_PROBLEM STATEMENT_. An exact restatement of all the data is required, with the pictures left out.

_INPUT FOR THIS TASK_.
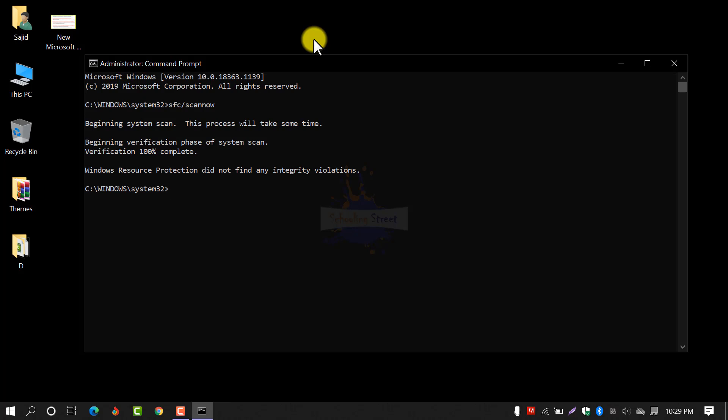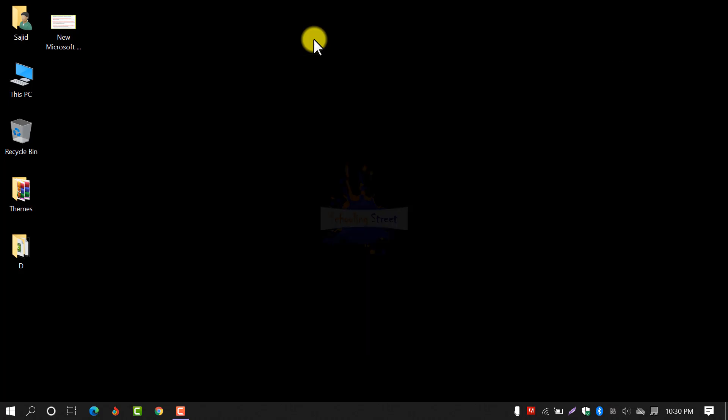Now you can see the verification is completed and a message appeared on my screen: 'Windows Resource Protection did not find any integrity violation.' It means my operating system is finally okay and running smoothly and perfectly. In this way, you can verify your system's corrupted files using the command 'SFC /scannow'. After this, write 'exit' and hit Enter to close the CMD window.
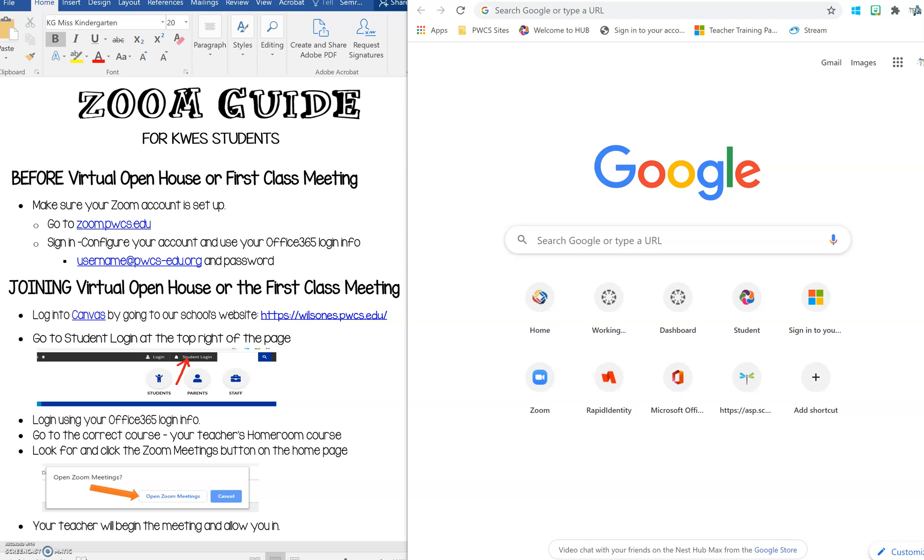Hi Kyle Wilson students and families. This is a quick video to show you how to set up your Zoom account for the first time with Prince William County and how to log into Canvas.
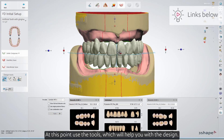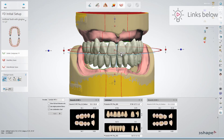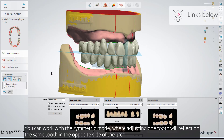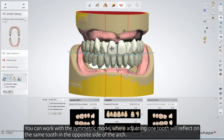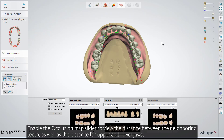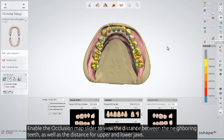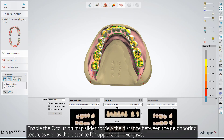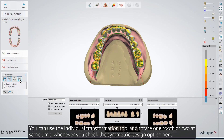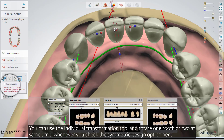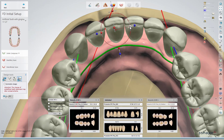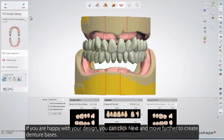At this point, use the tools which will help you with the design. You can work with the symmetric mode, where adjusting one tooth will reflect on the same tooth on the opposite side of the arch. Enable the occlusion map slider to view the distance between the neighboring teeth, as well as the distance for upper and lower jaws. You can use the individual transformation tool and rotate one tooth or two teeth at the same time, whenever you check the symmetric design option. If you are happy with your design, click Next and move further to create denture bases.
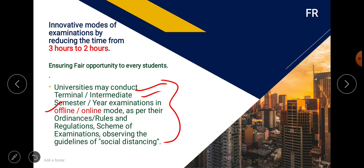One important requirement is that every university must follow social distancing guidelines. The exam can be conducted in online mode or offline mode, depending on the university and the conditions in their area and zone.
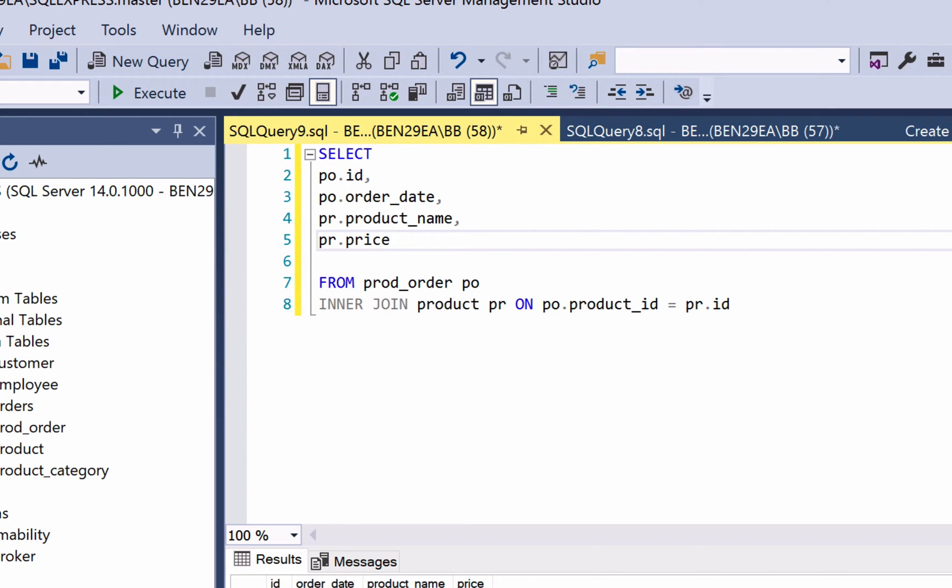What if you want to join three or more tables? In the real world, you'll see queries that join many tables. Three, four, eight, or even more tables than that. You'll even write these kind of queries eventually. So how do you do it?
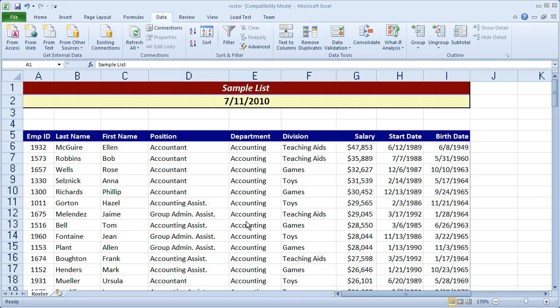Hi, and welcome back to our Excel tutorials. In the last video, we looked at how to use the filter command here.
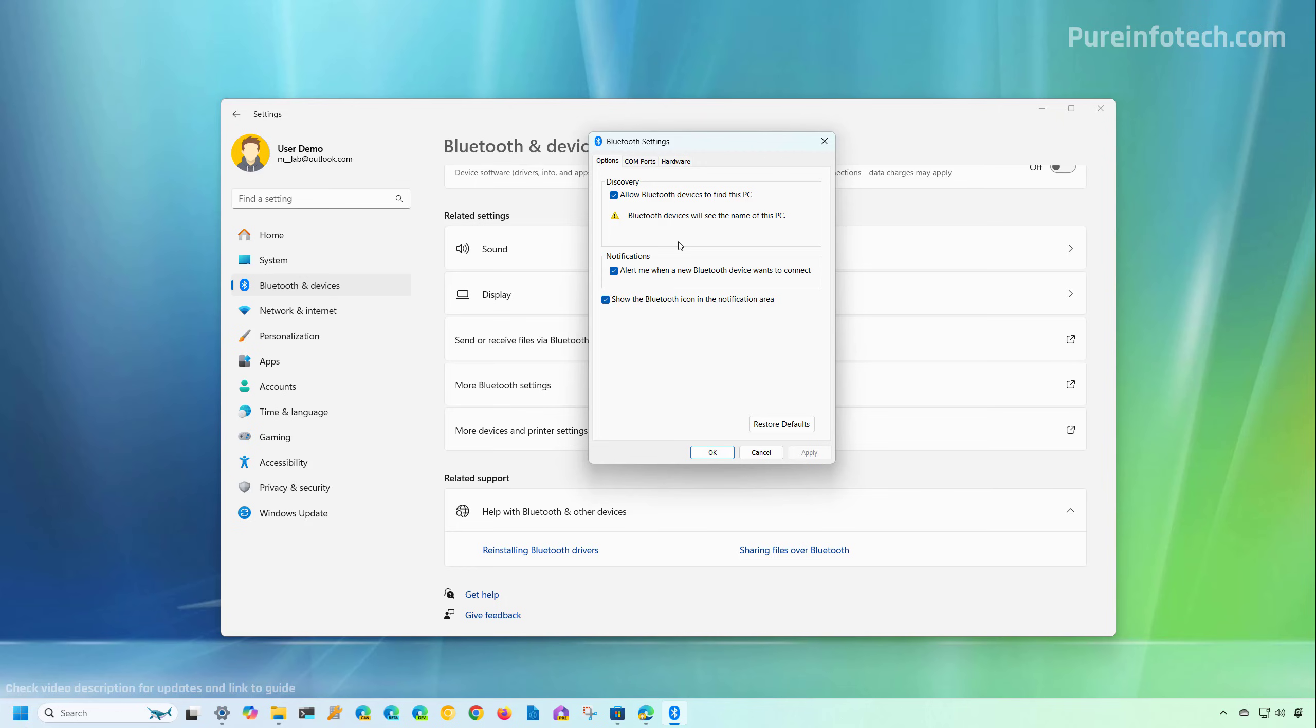However, this is not recommended to turn off on the computer. And if you don't want to see the Bluetooth icon on the system tray or notification area right here at the bottom, you can clear this option as well. However, most of the time you just want to keep these settings enabled.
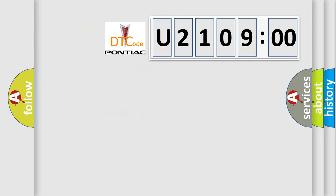So, what does the diagnostic trouble code U210900 interpret specifically for Pontiac car manufacturers?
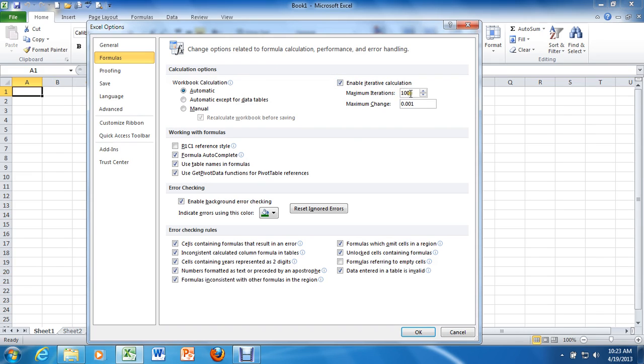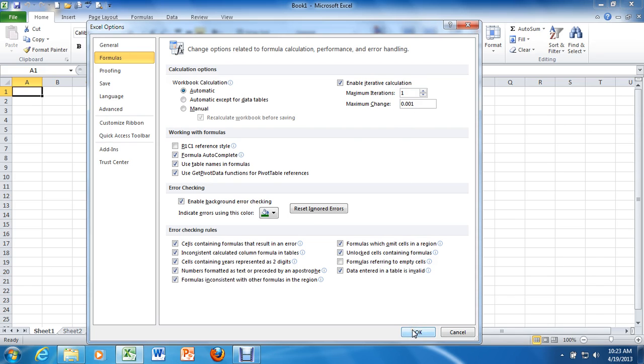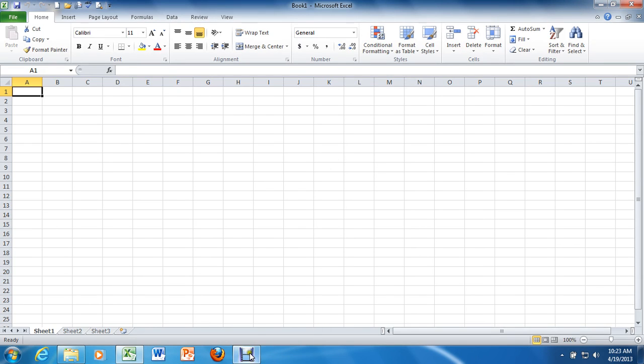And then for Maximum Iterations, you're going to change that to 1. Maximum change can be left exactly as it is right now, and everything else can stay the same as well. And we're going to click OK. And that, you are now set up for recursive calculations in Excel. Next up, we'll start the experiment.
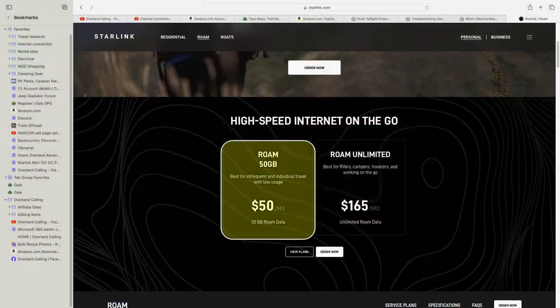My name is Brian and welcome to Overland Calling. Are you considering the Starlink 50GB per month program?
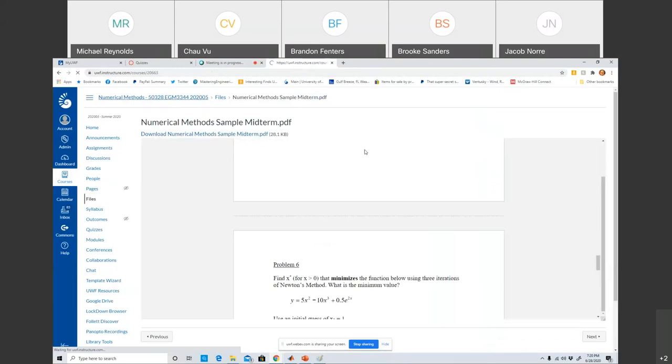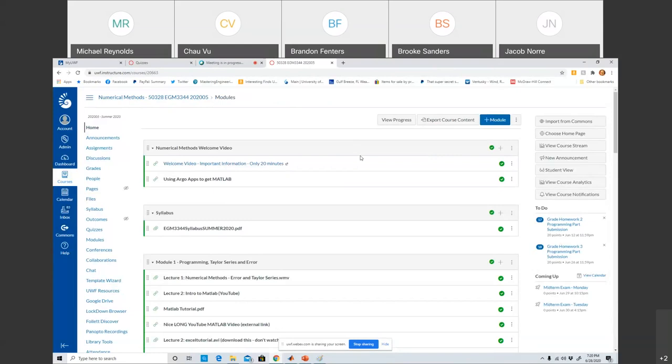Homework 4 is up — everything's up. Also, you should be able to see on Canvas the listings for midterm exam Monday and midterm exam Tuesday. Just pick one. Don't do both. Just do one — it doesn't matter which one you do. You don't have to tell me or anything like that.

_RESULT FOR THIS EXERCISE_.
Now you can see the verification is completed and a message appeared on my screen: 'Windows Resource Protection did not find any integrity violation.' It means my operating system is finally okay and running smoothly and perfectly. In this way, you can verify your system's corrupted files using the command 'SFC /scannow'. After this, write 'exit' and hit Enter to close the CMD window.
Hi Kyle Wilson students and families. This is a quick video to show you how to set up your Zoom account for the first time with Prince William County and how to log into Canvas.
At this point, use the tools which will help you with the design. You can work with the symmetric mode, where adjusting one tooth will reflect on the same tooth on the opposite side of the arch. Enable the occlusion map slider to view the distance between the neighboring teeth, as well as the distance for upper and lower jaws. You can use the individual transformation tool and rotate one tooth or two teeth at the same time, whenever you check the symmetric design option. If you are happy with your design, click Next and move further to create denture bases.
One important requirement is that every university must follow social distancing guidelines. The exam can be conducted in online mode or offline mode, depending on the university and the conditions in their area and zone.
What if you want to join three or more tables? In the real world, you'll see queries that join many tables. Three, four, eight, or even more tables than that. You'll even write these kind of queries eventually. So how do you do it?
Hi, and welcome back to our Excel tutorials. In the last video, we looked at how to use the filter command here.
However, this is not recommended to turn off on the computer. And if you don't want to see the Bluetooth icon on the system tray or notification area right here at the bottom, you can clear this option as well. However, most of the time you just want to keep these settings enabled.
So, what does the diagnostic trouble code U210900 interpret specifically for Pontiac car manufacturers?
And then for Maximum Iterations, you're going to change that to 1. Maximum change can be left exactly as it is right now, and everything else can stay the same as well. And we're going to click OK. And that, you are now set up for recursive calculations in Excel. Next up, we'll start the experiment.
My name is Brian and welcome to Overland Calling. Are you considering the Starlink 50GB per month program?
Homework 4 is up — everything's up. Also, you should be able to see on Canvas the listings for midterm exam Monday and midterm exam Tuesday. Just pick one. Don't do both. Just do one — it doesn't matter which one you do. You don't have to tell me or anything like that.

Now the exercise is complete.